### EXERCISE PROMPT
Return only those lines of the records below in which "Radio" appears.
:: DATA
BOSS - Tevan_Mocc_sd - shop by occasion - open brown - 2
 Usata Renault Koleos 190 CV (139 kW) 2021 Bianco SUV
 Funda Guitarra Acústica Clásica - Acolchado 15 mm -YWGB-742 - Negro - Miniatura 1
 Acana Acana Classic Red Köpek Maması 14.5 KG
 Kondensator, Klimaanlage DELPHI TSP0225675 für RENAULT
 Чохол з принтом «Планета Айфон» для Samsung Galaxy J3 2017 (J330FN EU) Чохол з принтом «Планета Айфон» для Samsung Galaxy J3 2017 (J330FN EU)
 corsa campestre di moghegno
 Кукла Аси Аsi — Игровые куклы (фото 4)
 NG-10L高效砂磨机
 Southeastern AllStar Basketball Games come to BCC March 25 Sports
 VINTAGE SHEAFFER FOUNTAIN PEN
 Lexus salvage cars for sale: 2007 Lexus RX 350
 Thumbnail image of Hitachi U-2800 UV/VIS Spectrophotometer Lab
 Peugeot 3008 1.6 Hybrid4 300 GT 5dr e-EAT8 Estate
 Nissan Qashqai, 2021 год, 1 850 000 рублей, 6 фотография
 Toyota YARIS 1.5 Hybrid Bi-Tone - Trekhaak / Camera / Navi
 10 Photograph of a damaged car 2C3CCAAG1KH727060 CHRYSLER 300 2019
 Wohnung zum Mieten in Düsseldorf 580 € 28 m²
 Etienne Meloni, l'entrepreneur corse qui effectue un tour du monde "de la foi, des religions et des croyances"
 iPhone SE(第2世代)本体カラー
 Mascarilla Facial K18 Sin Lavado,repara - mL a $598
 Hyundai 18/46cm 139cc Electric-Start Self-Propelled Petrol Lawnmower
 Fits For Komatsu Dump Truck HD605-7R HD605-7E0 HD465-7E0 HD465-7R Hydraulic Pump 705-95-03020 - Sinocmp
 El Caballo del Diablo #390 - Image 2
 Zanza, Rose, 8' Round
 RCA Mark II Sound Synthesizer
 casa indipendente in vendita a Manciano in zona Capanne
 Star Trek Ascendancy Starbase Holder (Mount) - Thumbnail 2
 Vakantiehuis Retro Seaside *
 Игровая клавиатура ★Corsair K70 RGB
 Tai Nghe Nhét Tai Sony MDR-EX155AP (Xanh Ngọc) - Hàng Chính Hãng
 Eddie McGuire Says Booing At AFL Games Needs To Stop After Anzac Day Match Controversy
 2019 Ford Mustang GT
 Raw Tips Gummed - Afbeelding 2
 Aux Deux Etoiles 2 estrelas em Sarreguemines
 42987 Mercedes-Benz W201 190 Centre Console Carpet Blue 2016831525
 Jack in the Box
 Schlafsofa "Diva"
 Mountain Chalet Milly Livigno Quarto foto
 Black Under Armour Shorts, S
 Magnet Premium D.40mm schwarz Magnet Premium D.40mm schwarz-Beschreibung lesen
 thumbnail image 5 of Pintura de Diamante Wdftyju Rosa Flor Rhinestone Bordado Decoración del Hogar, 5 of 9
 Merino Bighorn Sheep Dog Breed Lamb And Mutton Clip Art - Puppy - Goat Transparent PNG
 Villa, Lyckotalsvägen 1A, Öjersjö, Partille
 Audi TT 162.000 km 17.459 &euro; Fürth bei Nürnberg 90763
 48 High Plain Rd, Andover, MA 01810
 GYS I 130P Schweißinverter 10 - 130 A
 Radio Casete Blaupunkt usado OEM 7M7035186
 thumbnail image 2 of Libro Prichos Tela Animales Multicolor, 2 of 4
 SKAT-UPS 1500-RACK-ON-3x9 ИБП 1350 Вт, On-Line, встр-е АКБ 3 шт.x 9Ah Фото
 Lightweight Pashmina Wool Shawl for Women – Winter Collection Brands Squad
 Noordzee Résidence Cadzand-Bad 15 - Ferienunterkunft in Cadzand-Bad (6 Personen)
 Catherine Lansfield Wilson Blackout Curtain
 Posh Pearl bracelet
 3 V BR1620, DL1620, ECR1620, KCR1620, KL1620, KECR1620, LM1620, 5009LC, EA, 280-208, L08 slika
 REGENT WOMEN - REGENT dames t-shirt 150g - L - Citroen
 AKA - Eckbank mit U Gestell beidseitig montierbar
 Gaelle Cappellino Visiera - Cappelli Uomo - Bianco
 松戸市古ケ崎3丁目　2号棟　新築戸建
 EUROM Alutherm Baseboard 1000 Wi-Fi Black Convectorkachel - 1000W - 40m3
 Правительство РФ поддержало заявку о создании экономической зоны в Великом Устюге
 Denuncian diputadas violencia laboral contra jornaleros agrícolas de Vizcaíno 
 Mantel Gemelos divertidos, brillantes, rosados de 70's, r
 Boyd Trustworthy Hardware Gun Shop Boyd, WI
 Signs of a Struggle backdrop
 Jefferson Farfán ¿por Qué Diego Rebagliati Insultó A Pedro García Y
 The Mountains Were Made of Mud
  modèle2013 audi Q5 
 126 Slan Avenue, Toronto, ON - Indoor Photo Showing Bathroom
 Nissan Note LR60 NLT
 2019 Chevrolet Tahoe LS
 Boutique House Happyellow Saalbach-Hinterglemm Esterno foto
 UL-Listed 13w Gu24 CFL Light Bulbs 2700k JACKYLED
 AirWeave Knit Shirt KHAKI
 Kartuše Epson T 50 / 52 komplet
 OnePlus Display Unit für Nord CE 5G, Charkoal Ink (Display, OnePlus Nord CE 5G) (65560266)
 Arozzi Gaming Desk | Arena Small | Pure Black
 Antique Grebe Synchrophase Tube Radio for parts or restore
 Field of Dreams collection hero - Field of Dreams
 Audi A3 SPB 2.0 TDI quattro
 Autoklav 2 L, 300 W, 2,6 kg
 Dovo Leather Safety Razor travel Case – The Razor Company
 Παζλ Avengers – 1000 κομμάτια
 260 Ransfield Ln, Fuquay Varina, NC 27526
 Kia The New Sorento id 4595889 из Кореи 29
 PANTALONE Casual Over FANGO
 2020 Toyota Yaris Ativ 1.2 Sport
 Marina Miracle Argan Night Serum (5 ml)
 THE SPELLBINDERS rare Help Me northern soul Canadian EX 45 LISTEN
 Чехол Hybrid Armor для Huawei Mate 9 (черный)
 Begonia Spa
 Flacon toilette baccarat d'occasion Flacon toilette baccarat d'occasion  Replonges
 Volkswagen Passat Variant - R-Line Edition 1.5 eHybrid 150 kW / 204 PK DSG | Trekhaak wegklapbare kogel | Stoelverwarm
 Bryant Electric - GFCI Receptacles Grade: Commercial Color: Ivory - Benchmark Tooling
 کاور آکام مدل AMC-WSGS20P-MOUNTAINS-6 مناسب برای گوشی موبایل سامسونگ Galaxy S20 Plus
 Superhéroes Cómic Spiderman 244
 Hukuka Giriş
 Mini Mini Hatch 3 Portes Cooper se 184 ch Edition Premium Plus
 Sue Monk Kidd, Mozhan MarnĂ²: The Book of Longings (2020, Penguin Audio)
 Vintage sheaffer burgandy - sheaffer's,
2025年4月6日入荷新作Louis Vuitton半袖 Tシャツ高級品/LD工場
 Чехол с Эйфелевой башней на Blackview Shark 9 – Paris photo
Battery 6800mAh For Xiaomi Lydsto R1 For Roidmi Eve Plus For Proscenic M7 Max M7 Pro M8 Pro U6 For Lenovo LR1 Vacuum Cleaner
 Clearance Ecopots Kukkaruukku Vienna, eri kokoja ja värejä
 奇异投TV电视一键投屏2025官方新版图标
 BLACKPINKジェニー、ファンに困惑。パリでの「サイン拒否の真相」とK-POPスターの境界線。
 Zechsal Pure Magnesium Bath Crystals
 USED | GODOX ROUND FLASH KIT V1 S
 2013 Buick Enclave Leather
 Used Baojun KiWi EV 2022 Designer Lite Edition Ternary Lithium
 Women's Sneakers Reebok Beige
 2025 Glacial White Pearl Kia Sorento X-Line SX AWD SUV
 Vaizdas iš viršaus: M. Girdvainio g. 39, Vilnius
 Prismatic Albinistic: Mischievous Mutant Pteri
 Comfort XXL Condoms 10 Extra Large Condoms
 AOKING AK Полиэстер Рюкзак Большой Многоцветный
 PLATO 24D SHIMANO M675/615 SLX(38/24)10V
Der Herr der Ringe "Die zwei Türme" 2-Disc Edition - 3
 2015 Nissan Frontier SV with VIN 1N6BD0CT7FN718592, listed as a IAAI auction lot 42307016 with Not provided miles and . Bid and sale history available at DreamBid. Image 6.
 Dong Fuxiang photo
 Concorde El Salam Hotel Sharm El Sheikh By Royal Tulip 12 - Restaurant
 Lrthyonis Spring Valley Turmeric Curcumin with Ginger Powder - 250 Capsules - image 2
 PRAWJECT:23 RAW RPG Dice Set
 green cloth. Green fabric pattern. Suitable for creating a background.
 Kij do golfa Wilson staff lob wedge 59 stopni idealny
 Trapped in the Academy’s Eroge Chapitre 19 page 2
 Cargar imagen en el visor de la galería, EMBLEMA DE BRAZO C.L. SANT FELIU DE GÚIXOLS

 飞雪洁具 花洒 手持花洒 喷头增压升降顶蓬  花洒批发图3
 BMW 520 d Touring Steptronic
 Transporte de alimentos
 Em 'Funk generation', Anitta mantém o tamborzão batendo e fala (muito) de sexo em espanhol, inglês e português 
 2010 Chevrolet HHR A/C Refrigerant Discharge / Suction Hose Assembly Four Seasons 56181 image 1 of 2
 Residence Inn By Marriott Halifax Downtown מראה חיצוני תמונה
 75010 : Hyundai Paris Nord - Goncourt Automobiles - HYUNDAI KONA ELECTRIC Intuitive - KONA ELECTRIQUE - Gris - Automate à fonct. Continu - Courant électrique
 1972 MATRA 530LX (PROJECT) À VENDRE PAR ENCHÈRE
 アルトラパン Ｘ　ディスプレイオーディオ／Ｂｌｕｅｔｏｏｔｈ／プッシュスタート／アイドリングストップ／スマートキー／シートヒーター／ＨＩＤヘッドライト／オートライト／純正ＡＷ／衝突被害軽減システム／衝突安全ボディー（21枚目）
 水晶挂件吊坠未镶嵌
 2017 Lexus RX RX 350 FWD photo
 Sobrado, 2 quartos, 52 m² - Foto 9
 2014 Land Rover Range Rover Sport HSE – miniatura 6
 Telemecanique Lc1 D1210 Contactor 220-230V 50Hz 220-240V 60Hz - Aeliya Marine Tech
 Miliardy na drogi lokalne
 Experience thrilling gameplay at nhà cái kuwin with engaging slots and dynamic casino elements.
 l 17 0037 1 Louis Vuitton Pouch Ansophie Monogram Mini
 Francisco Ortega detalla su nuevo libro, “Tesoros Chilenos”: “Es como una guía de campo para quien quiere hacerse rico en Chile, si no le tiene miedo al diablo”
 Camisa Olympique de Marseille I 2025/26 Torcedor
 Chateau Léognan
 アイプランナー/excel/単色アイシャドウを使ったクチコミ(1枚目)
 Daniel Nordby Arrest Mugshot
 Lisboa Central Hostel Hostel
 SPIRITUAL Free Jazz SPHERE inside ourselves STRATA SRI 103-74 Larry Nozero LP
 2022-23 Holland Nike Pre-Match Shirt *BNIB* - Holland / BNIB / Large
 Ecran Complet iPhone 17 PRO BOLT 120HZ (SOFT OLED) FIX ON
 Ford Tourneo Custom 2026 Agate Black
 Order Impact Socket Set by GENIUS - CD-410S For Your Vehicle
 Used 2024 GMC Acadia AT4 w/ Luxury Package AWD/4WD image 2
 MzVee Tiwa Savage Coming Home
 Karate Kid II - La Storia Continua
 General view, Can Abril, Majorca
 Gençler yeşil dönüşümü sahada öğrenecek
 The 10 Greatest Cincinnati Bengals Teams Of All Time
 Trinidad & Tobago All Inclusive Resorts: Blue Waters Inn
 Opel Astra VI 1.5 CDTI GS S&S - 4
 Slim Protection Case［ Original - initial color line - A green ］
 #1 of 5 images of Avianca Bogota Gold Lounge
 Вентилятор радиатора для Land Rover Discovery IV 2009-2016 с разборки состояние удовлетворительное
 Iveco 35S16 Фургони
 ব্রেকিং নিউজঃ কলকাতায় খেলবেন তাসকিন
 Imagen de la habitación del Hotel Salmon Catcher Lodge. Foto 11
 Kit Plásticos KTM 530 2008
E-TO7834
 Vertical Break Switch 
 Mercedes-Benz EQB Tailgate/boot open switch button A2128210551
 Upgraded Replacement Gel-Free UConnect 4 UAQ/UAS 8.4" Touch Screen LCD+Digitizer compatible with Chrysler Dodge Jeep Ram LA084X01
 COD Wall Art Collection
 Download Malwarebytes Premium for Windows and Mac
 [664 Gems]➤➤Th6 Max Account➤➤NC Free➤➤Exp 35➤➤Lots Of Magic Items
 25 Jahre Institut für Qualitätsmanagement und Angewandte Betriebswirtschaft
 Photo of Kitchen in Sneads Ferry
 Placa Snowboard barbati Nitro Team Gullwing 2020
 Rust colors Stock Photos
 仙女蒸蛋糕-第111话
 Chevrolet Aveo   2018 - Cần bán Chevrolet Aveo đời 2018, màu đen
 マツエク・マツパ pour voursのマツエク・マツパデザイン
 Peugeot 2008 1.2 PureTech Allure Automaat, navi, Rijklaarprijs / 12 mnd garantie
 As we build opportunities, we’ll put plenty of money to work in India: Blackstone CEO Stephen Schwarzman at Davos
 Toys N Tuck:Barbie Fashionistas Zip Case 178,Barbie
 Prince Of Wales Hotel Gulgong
::::
### SOLUTION BELOW
 Radio Casete Blaupunkt usado OEM 7M7035186
 Antique Grebe Synchrophase Tube Radio for parts or restore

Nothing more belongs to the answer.